Absolute poverty - rather than relative poverty - is crucial because it is the measure Boris Johnson chooses to use.
In 2020 the PM controversially boasted poverty had fallen when relative poverty was up and absolute poverty was down.
It comes after the Budget watchdog said soaring inflation - expected to nudge 9% in a four-decade high - will inflict the biggest disposable income drop since records began in the 1950s.
And today the Foundation warned poorer Brits will be hit harder as the Tory Chancellor refused to raise benefits - which will rise at less than half inflation.
Meanwhile his £11bn in cuts to National Insurance and fuel duty will mostly benefit people in work.
Even with a 1p cut in income tax from 2024, seven out of eight workers will still be paying more tax overall by 2025, the overnight analysis found.
The experts said: “The scale and distribution of the cost of living squeeze, coupled with the lack of support for low-income families, means that a further 1.3 million people are set to fall into absolute poverty next year, including 500,000 children – the first time Britain has seen such a rise outside of recessions.”
Despite the tax cuts yesterday, the think tank said only those earning between £49,100 and £50,300 will actually pay less income tax in 2024-25.
And only those earning between £11,000 and £13,500 will pay less tax and National Insurance (NI).
Of the 31 million people in work, around 27 million (seven-in-eight workers) will pay more in income tax and NI in 2024-25, the think tank said.
By 2027 earnings will be £11,500 behind what they would have been if they had continued growing on the pre-2008 path.
Torsten Bell, Chief Executive of the Resolution Foundation, said: “In the face of a cost of living crisis that looks set to make this Parliament the worst on record for household incomes, the Chancellor came to the dispatch box yesterday promising support with the cost of living today, and tax cuts tomorrow. Significant measures were announced on both counts, but the big picture is that policy does not measure up to the rhetoric.
“The decision not to target support at those hardest hit by rising prices will leave low-and-middle income households painfully exposed, with 1.3 million people, including half a million children, set to fall below the poverty line this coming year.

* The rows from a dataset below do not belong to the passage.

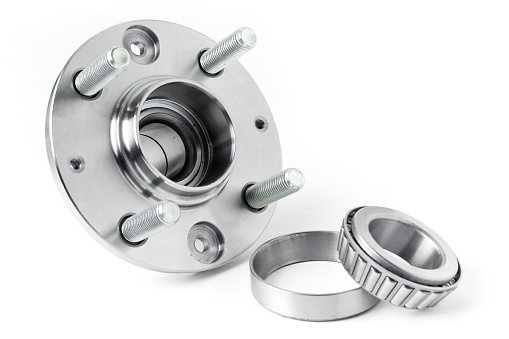 Wheel and wheel bearing on white background. Auto parts
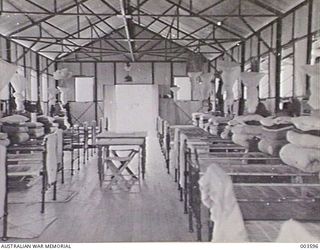 PORT MORSEBY, PAPUA. INTERIOR OF A NEWLY CONSTRUCTED RAAF BARRACKS AT KONEDOBU CAMP. (PHOTOGRAPHER N. J. TRACEY )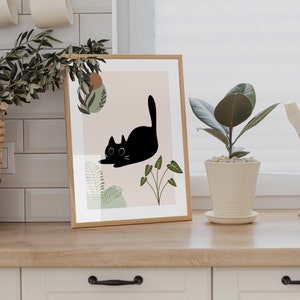 May include: A framed print with a black cat illustration and green foliage on a light pink background. The print is in a wooden frame and is sitting on a wooden countertop.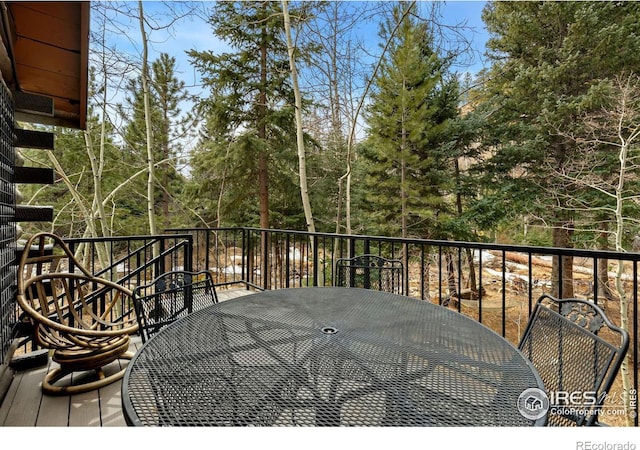 wooden deck with outdoor dining area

“And despite the eye-catching 1p cut to income tax, the reality is that the Chancellor’s tax changes mean that seven-in-eight workers will see their tax bills rise. Those tax rises mean the Chancellor is able to point to a swift fiscal consolidation and significant headroom against his fiscal rules.

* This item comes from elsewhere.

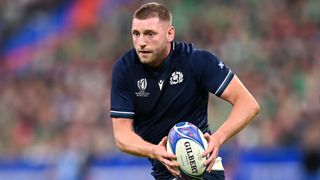 Finn Russell runs with the ball at the Six Nations 2024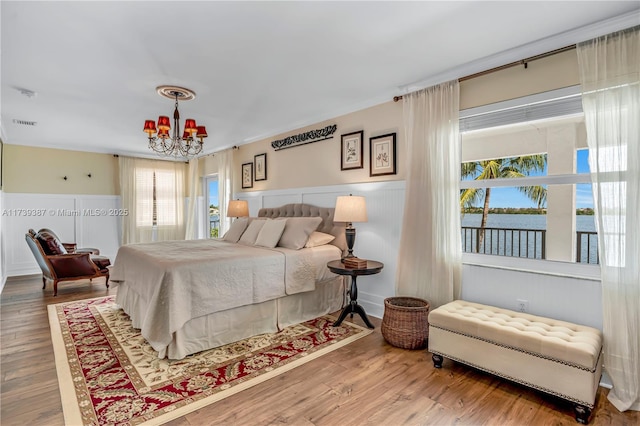 bedroom with visible vents, an inviting chandelier, wood finished floors, and wainscoting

“The big picture is that Rishi Sunak has prioritised rebuilding his tax-cutting credentials over supporting the low-to-middle income households who will be hardest hit from the surging cost of living, while also leaving himself fiscal flexibility in the years ahead. Whether that will be sustainable in the face of huge income falls to come remains to be seen.”
Office for Budget Responsibility watchdog chairman Richard Hughes said despite the measures announced by Rishi Sunak, people still face an "unprecedented" fall in living standards.
He told BBC Radio 4's Today programme: "So in total, they amount to about an £18 billion giveaway in this spring statement coming from the Chancellor.
"That offsets around a third of the overall hit to living standards that people would otherwise have felt had he not taken those measures, so without the Chancellor taking action, people would have felt a 3% fall in their living standards in the coming 12 months.
"That reduces it down to around 2%, but it's still an unprecedented fall in people's standard of living over the next 12 months".
Mr Hughes also said energy bills are "doubling" over the course of the year, rising by around 50% in April and another 40% in October.